**ASSIGNED TASK:** The records that follow must be repeated verbatim, every one of them.

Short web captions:
■ ■ ■ ■ ■ ■ ■

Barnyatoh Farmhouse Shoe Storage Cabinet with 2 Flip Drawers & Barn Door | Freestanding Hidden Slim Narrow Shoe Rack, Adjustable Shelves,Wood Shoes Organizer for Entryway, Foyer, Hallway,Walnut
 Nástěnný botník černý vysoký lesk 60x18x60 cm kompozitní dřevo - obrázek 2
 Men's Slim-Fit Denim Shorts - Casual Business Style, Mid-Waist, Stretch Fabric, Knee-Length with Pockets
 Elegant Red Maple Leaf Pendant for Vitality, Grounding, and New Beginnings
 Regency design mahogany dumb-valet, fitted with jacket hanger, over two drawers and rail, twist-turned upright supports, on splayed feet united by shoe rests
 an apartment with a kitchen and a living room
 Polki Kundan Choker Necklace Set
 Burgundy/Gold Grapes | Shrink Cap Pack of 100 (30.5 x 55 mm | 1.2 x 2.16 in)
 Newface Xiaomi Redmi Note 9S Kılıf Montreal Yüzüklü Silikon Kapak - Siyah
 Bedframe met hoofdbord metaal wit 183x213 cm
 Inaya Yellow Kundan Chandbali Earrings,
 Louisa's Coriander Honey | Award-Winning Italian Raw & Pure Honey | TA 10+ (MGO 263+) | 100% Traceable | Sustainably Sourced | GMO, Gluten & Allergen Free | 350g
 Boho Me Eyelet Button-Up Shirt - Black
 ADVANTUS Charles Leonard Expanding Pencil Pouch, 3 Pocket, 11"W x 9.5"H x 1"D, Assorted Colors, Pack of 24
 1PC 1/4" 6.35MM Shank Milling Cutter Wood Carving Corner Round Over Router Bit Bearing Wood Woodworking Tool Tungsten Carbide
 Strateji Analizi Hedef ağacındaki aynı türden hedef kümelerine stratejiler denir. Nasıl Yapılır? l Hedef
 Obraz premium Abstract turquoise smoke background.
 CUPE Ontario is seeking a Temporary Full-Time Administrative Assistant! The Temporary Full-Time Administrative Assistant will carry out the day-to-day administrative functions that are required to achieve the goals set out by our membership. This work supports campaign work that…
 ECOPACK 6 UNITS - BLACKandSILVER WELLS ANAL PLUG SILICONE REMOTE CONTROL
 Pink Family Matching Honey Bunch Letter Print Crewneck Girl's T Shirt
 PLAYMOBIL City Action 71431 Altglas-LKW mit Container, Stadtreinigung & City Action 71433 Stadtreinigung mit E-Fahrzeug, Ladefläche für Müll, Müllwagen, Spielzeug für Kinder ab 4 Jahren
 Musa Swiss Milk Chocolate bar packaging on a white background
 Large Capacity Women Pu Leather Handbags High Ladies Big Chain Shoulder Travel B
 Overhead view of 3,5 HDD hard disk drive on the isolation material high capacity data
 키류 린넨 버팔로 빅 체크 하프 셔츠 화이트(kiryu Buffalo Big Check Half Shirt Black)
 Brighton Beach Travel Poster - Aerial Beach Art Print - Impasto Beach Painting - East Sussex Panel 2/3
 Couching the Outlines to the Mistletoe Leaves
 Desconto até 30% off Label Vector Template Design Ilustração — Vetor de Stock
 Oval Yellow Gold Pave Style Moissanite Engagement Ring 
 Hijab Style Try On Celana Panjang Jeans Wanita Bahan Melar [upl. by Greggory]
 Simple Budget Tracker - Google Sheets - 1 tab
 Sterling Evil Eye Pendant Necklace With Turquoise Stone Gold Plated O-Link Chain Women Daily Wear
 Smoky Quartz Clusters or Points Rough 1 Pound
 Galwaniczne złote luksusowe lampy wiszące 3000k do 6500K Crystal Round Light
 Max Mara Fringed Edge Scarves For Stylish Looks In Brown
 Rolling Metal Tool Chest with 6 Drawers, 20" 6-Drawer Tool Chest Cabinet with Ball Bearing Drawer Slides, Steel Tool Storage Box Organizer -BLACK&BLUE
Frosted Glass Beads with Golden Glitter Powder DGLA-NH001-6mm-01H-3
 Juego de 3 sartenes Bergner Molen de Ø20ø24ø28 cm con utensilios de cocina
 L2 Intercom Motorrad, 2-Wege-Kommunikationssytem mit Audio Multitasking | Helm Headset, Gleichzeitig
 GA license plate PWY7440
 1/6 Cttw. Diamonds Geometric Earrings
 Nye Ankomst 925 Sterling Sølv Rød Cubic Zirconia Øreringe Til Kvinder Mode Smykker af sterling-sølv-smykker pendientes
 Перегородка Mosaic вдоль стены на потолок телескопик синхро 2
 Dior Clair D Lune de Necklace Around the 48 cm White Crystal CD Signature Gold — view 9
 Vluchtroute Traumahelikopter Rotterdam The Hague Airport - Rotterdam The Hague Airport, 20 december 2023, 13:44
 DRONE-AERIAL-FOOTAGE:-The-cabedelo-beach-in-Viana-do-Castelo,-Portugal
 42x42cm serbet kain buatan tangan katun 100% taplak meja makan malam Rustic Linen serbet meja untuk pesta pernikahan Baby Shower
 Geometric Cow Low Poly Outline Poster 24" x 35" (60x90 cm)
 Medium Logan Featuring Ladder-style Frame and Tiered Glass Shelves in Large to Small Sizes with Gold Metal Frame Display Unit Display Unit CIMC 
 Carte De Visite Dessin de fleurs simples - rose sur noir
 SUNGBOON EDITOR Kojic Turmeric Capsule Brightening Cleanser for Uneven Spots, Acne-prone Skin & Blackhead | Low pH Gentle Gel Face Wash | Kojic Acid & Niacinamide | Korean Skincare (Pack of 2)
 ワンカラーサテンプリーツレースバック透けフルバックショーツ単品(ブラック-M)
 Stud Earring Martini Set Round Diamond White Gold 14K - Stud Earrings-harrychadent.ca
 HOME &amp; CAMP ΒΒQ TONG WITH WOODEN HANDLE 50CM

■ ■ ■ ■ ■ ■ ■

**ANSWER BELOW:**
Barnyatoh Farmhouse Shoe Storage Cabinet with 2 Flip Drawers & Barn Door | Freestanding Hidden Slim Narrow Shoe Rack, Adjustable Shelves,Wood Shoes Organizer for Entryway, Foyer, Hallway,Walnut
 Nástěnný botník černý vysoký lesk 60x18x60 cm kompozitní dřevo - obrázek 2
 Men's Slim-Fit Denim Shorts - Casual Business Style, Mid-Waist, Stretch Fabric, Knee-Length with Pockets
 Elegant Red Maple Leaf Pendant for Vitality, Grounding, and New Beginnings
 Regency design mahogany dumb-valet, fitted with jacket hanger, over two drawers and rail, twist-turned upright supports, on splayed feet united by shoe rests
 an apartment with a kitchen and a living room
 Polki Kundan Choker Necklace Set
 Burgundy/Gold Grapes | Shrink Cap Pack of 100 (30.5 x 55 mm | 1.2 x 2.16 in)
 Newface Xiaomi Redmi Note 9S Kılıf Montreal Yüzüklü Silikon Kapak - Siyah
 Bedframe met hoofdbord metaal wit 183x213 cm
 Inaya Yellow Kundan Chandbali Earrings,
 Louisa's Coriander Honey | Award-Winning Italian Raw & Pure Honey | TA 10+ (MGO 263+) | 100% Traceable | Sustainably Sourced | GMO, Gluten & Allergen Free | 350g
 Boho Me Eyelet Button-Up Shirt - Black
 ADVANTUS Charles Leonard Expanding Pencil Pouch, 3 Pocket, 11"W x 9.5"H x 1"D, Assorted Colors, Pack of 24
 1PC 1/4" 6.35MM Shank Milling Cutter Wood Carving Corner Round Over Router Bit Bearing Wood Woodworking Tool Tungsten Carbide
 Strateji Analizi Hedef ağacındaki aynı türden hedef kümelerine stratejiler denir. Nasıl Yapılır? l Hedef
 Obraz premium Abstract turquoise smoke background.
 CUPE Ontario is seeking a Temporary Full-Time Administrative Assistant! The Temporary Full-Time Administrative Assistant will carry out the day-to-day administrative functions that are required to achieve the goals set out by our membership. This work supports campaign work that…
 ECOPACK 6 UNITS - BLACKandSILVER WELLS ANAL PLUG SILICONE REMOTE CONTROL
 Pink Family Matching Honey Bunch Letter Print Crewneck Girl's T Shirt
 PLAYMOBIL City Action 71431 Altglas-LKW mit Container, Stadtreinigung & City Action 71433 Stadtreinigung mit E-Fahrzeug, Ladefläche für Müll, Müllwagen, Spielzeug für Kinder ab 4 Jahren
 Musa Swiss Milk Chocolate bar packaging on a white background
 Large Capacity Women Pu Leather Handbags High Ladies Big Chain Shoulder Travel B
 Overhead view of 3,5 HDD hard disk drive on the isolation material high capacity data
 키류 린넨 버팔로 빅 체크 하프 셔츠 화이트(kiryu Buffalo Big Check Half Shirt Black)
 Brighton Beach Travel Poster - Aerial Beach Art Print - Impasto Beach Painting - East Sussex Panel 2/3
 Couching the Outlines to the Mistletoe Leaves
 Desconto até 30% off Label Vector Template Design Ilustração — Vetor de Stock
 Oval Yellow Gold Pave Style Moissanite Engagement Ring 
 Hijab Style Try On Celana Panjang Jeans Wanita Bahan Melar [upl. by Greggory]
 Simple Budget Tracker - Google Sheets - 1 tab
 Sterling Evil Eye Pendant Necklace With Turquoise Stone Gold Plated O-Link Chain Women Daily Wear
 Smoky Quartz Clusters or Points Rough 1 Pound
 Galwaniczne złote luksusowe lampy wiszące 3000k do 6500K Crystal Round Light
 Max Mara Fringed Edge Scarves For Stylish Looks In Brown
 Rolling Metal Tool Chest with 6 Drawers, 20" 6-Drawer Tool Chest Cabinet with Ball Bearing Drawer Slides, Steel Tool Storage Box Organizer -BLACK&BLUE
Frosted Glass Beads with Golden Glitter Powder DGLA-NH001-6mm-01H-3
 Juego de 3 sartenes Bergner Molen de Ø20ø24ø28 cm con utensilios de cocina
 L2 Intercom Motorrad, 2-Wege-Kommunikationssytem mit Audio Multitasking | Helm Headset, Gleichzeitig
 GA license plate PWY7440
 1/6 Cttw. Diamonds Geometric Earrings
 Nye Ankomst 925 Sterling Sølv Rød Cubic Zirconia Øreringe Til Kvinder Mode Smykker af sterling-sølv-smykker pendientes
 Перегородка Mosaic вдоль стены на потолок телескопик синхро 2
 Dior Clair D Lune de Necklace Around the 48 cm White Crystal CD Signature Gold — view 9
 Vluchtroute Traumahelikopter Rotterdam The Hague Airport - Rotterdam The Hague Airport, 20 december 2023, 13:44
 DRONE-AERIAL-FOOTAGE:-The-cabedelo-beach-in-Viana-do-Castelo,-Portugal
 42x42cm serbet kain buatan tangan katun 100% taplak meja makan malam Rustic Linen serbet meja untuk pesta pernikahan Baby Shower
 Geometric Cow Low Poly Outline Poster 24" x 35" (60x90 cm)
 Medium Logan Featuring Ladder-style Frame and Tiered Glass Shelves in Large to Small Sizes with Gold Metal Frame Display Unit Display Unit CIMC 
 Carte De Visite Dessin de fleurs simples - rose sur noir
 SUNGBOON EDITOR Kojic Turmeric Capsule Brightening Cleanser for Uneven Spots, Acne-prone Skin & Blackhead | Low pH Gentle Gel Face Wash | Kojic Acid & Niacinamide | Korean Skincare (Pack of 2)
 ワンカラーサテンプリーツレースバック透けフルバックショーツ単品(ブラック-M)
 Stud Earring Martini Set Round Diamond White Gold 14K - Stud Earrings-harrychadent.ca
 HOME &amp; CAMP ΒΒQ TONG WITH WOODEN HANDLE 50CM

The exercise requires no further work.